Actual pressure on the neck. Carries real risk; worth researching breath-play safety together.
What choking (with pressure) is really about
Sensation play. Sensation play is the umbrella for anything that makes skin the main event — fingertips, breath, temperature, texture, pressure. It rewards slowing down: the nervous system reads anticipation as intensity, so the pause before contact often lands harder than the contact itself.
Alternate textures (nails, silk, ice, breath) rather than repeating one
Ask for a running 'warmer/colder' from your partner the first time
Try it blindfolded once — removing sight roughly doubles everything else
Edge play. Edge play means the higher-stakes end of the pool — intensity that demands real skill, negotiation, and sobriety. It's not a competition tier; it's a category with a genuinely different safety posture where 'trust me' has to be earned in hours of prior play.

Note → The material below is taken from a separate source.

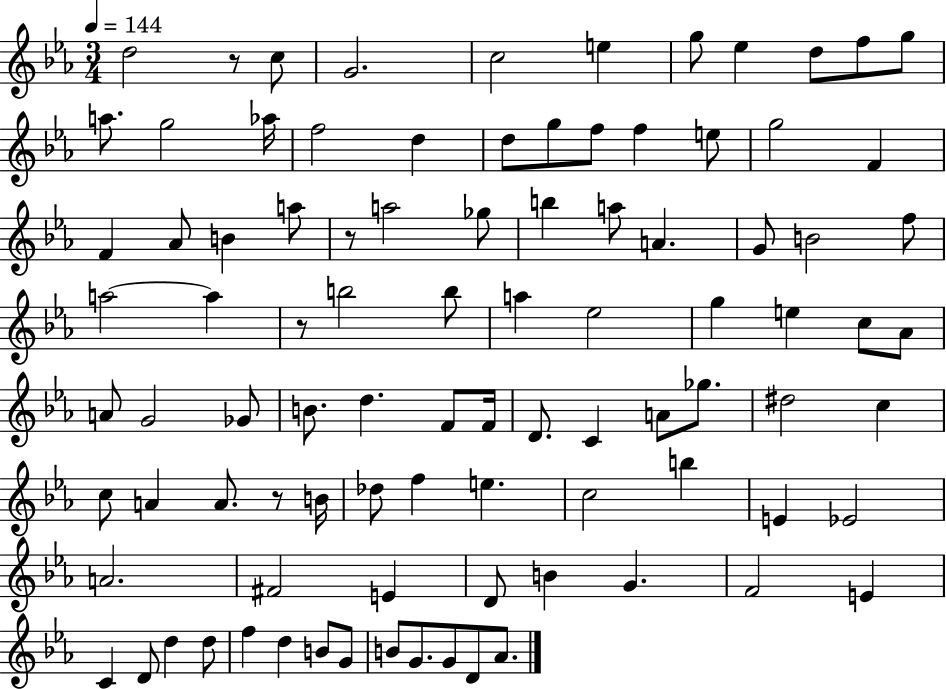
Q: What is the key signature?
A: EES major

Research before desire: know a thing's actual risks before you want it
Escalate across sessions, never within one
An experienced mentor or a workshop beats trial and error
Safety: Edge play is sober-only, safeword-mandatory territory with no exceptions for either.
Safety practice. Safety isn't the tax on kink; for a lot of people the rituals — negotiation, safewords, check-ins, debriefs — are actively part of the appeal. Competence is attractive, and nothing signals it like running a clean scene.
Safewords need a non-verbal backup for scenes where speech is off the table
Negotiate the scene you're having, not scenes in general
Yellow means adjust, red means stop — practice using yellow early and often
Find out if your partner is into it — without asking awkwardly
Yes. Interest in choking (with pressure) shows up across every demographic in sexuality research. The only requirements are consenting adults and honest communication.
How do I tell my partner I'm into choking (with pressure)?
Outside the bedroom, low stakes: "I read about choking (with pressure) and it stuck with me — curious what you think?" A compatibility checklist you both fill out privately (like Kinda Into That) removes the awkwardness entirely: you only see where you overlap.
What if my partner isn't into it?
A no to one item is not a no to you. Compare full lists instead of litigating one kink — most couples find more overlap than they expected, and the misses matter less next to the hits.